**ACTIVITY**:
Print the whole listing again exactly as it stands, leaving out any images.

**DATA EXCERPT**:
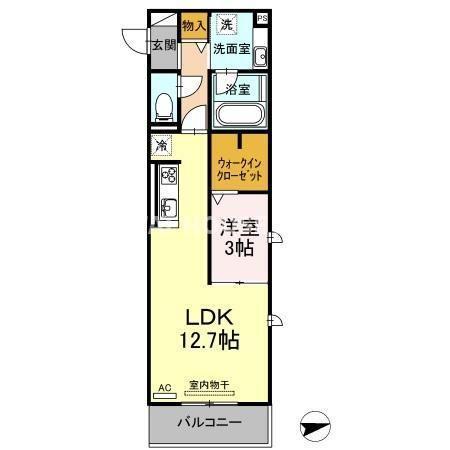Ｌｕｎａ Ｓｏｌｅｉｌ（301） 間取り図画像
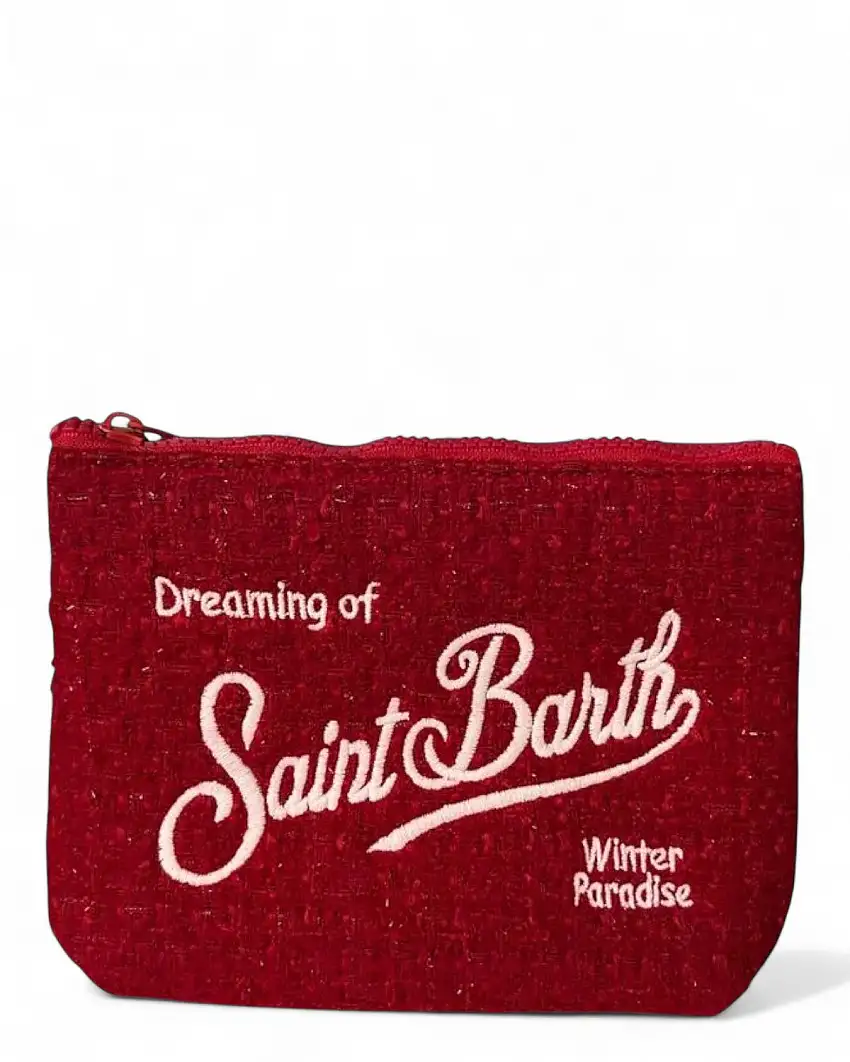 Pochette Tweed con Ricamo Logo - Aline MC2 Saint Barth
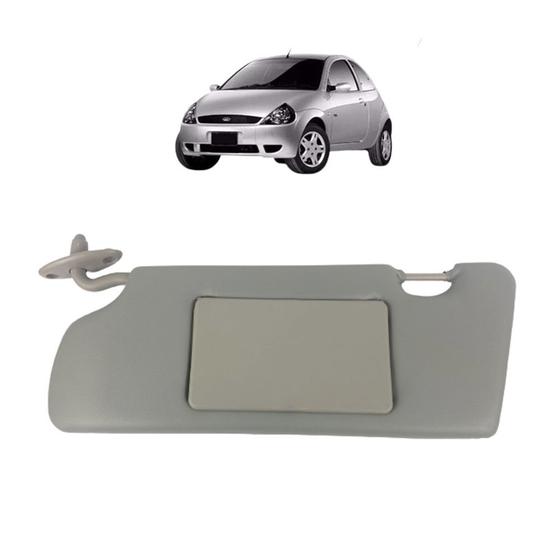 Quebra Sol Cinza com Espelho Ford Ka 1997 a 2007 Lado Esquerdo Newtec Nt1521fd Menor preço em Quebra Sol Cinza com Espelho Ford Ka 1997 a 2007 Lado Esquerdo Newtec Nt1521fd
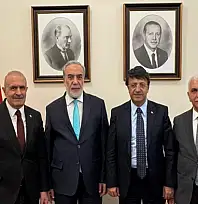 Türkmenoğlu ve Kayatürk'ten Bakan Yardımcısı Kulaklıkaya'ya ziyaret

**WORKED SOLUTION**:
Ｌｕｎａ Ｓｏｌｅｉｌ（301） 間取り図画像
 Pochette Tweed con Ricamo Logo - Aline MC2 Saint Barth
 Quebra Sol Cinza com Espelho Ford Ka 1997 a 2007 Lado Esquerdo Newtec Nt1521fd Menor preço em Quebra Sol Cinza com Espelho Ford Ka 1997 a 2007 Lado Esquerdo Newtec Nt1521fd
 Türkmenoğlu ve Kayatürk'ten Bakan Yardımcısı Kulaklıkaya'ya ziyaret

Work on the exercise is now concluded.